Tariq Ali was part of the creative team that produced the global current affairs Bandung File for Channel 4 in the 1980s. The current affairs programme spotlighted everything from the realities of apartheid South Africa to the fallout from the publication of Salman Rushdie’s The Satanic Verses.
Ali said he was shocked to not be invited to participate in the BFI’s new season, Constructed, Told, Spoken: A Counter-History of Britain on TV, which has a dedicated evening where it will screen Bandung File episodes in March.
“They never contacted me,” he told the Guardian. “The first I saw was in the BFI programme that they had an evening of Bandung File stuff but the choices suggest that there doesn’t seem to be a knowledge of what the programme was.”
Ali, who wrote about his experiences on the show in his memoir released last year, said he wanted the programme to be presented correctly and placed in the right context.
He said: “The whole thing about Bandung File is that we did it in a way which unified the West Indian and South Asian communities, while looking outwardly as well; 50% of the viewers were white and 50% non-white, our philosophy was that white people also needed to be educated.”
The show, which took its name from the meeting in Indonesia held in 1955 between newly independent Asian and African states, was part of a wave of programmes made by, and primarily for, a black and south Asian audience.
Ali served as series editor alongside Darcus Howe, while the show was commissioned by Farrukh Dhondy, Channel 4’s editor for multicultural programmes. It ran from 1985 until its cancellation in 1989.
It was seen as a step change from previous multicultural shows on Channel 4, which were often magazine shows such as Eastern Eye and Black on Black, a chatshow hosted by the Selecter frontwoman Pauline Black.
Bandung File had a harder edge and was internationalist in scope, ushering in a new type of Channel 4 series such as Black Bag, which took on serious issues including the Cardiff Three scandal with an investigative rigour.
Ali said: “When I show Bandung File to students today the first question I’m asked is: ‘Was this actually on British television?’ They don’t believe it because of the output they see today. It shows what television can do if it’s sustained and properly supported.”
Bandung had several journalistic successes, including exposing a vote-rigging scheme in Roy Hattersley’s constituency of Sparkbrook, Birmingham, and uncovering the Greater London Council’s decision to fund a far-right Hindu political group. They also secured an interview with Rushdie amid the controversy over The Satanic Verses.

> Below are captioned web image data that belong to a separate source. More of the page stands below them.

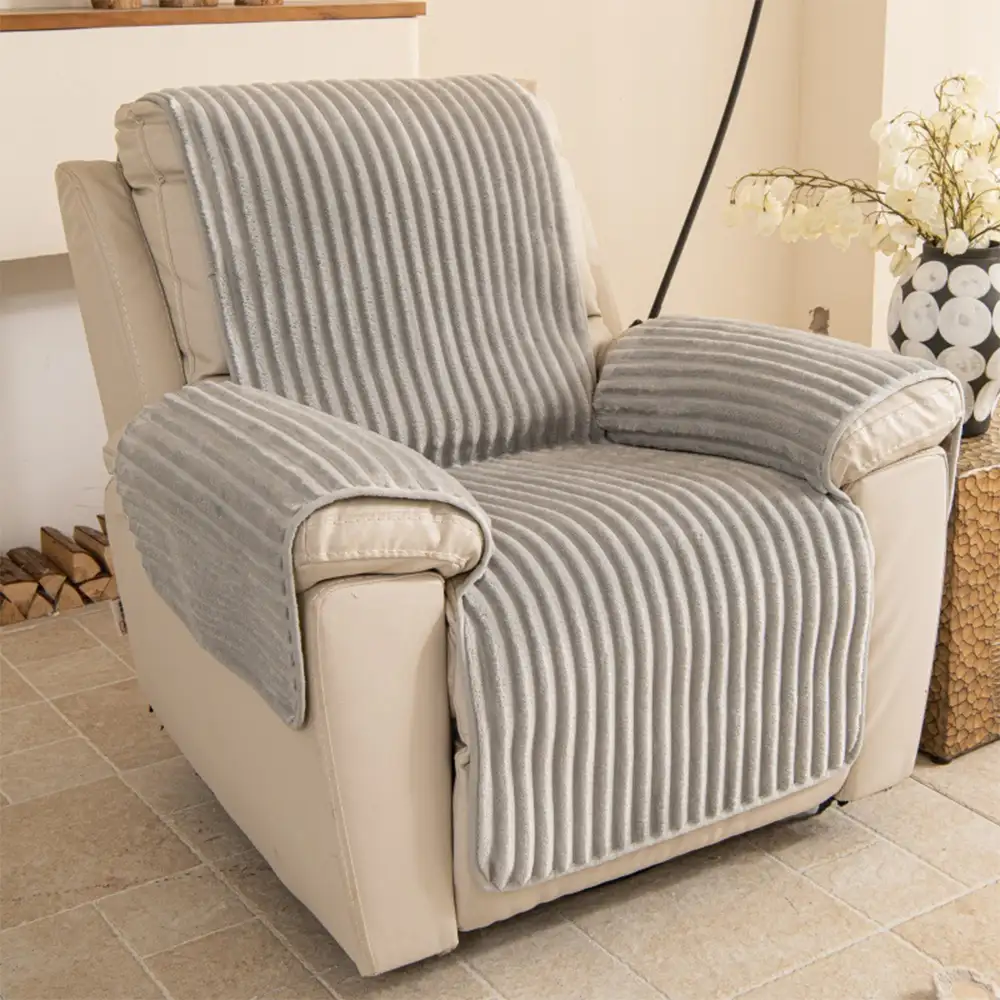 Housse fauteuil de canapé en une seule pièce non glissante, douce et adaptée aux animaux - Rayures - Image 15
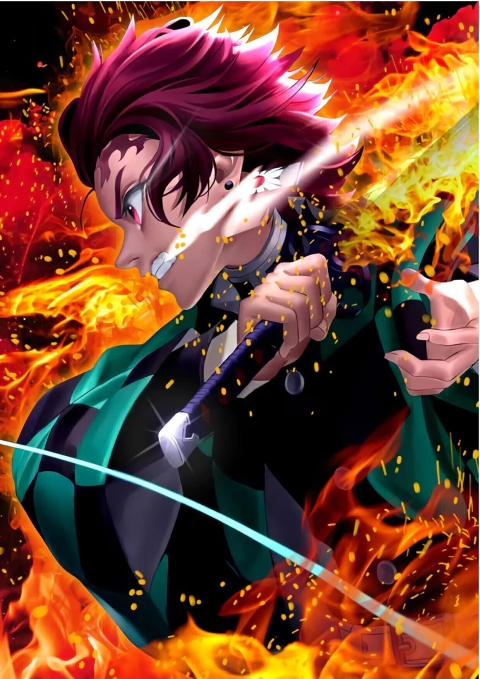 Caderno Universitário Personalizado / Capa Dura - Anime Demon Slayer / Tanjiro Kamado - Respiração do Fogo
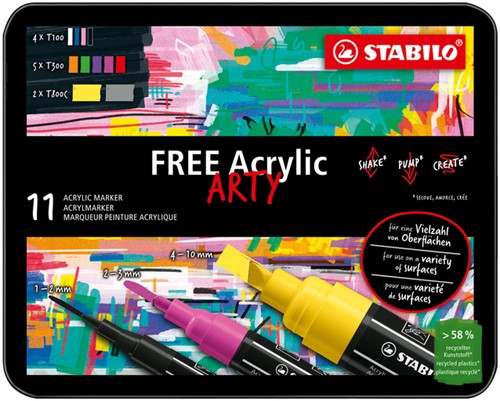 Acrylmarker STABILO  Free Acrylic Starter Kit assorti pk/11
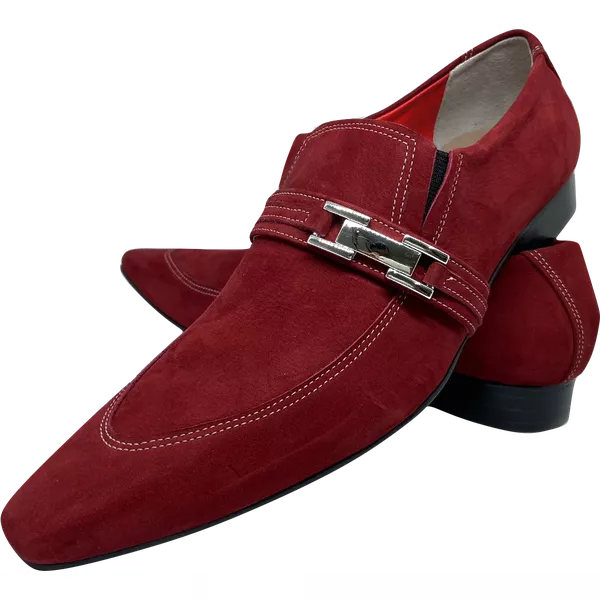 Sapato Masculino Italiano em Couro Social Executivo Vermelho Amazon Bico Fino Ref: 485 Vermelho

The current chair of the BBC, Samir Shah, also praised the programme for its coverage of the BCCI scandal, which he said “showed what that kind of journalism can achieve”.
Ali said a programme such as Bandung File would never be commissioned or succeed now. “At the time South Africa was very big news and we had a clandestine network of film-makers in the country who would send us five to 10 minutes of footage, which we would show every week,” he said. “Do you think that today the government would permit us to show footage from Gaza? I don’t think so.”
The programme itself might have been serious and considered but the team behind it had a sense of humour. After being cancelled they held a “funeral” for the show in Kentish Town with invites that read: “Bandung File, born 1985, died 1989; cause of death – execution … dress code: all black.”
A spokesperson for the BFI said: “We recognise how vital Tariq was in shaping Bandung File under his editorship with Darcus Howe. It was always our intention to include Tariq in the season and we hope to get him involved. The process of making contact with him has been delayed slightly due to sourcing his details, however it is not unusual for us to confirm guests once our brochure and season comms have been published, and we are in the process of confirming additional contextual contributors to events throughout this season.”
Constructed, Told, Spoken: A Counter-History of Britain on TV, looks at multicultural TV departments in the UK that emerged in the 1980s. It will run throughout February and March and includes screenings dedicated to the impact of Stuart Hall and the black gay television series of the 1980s.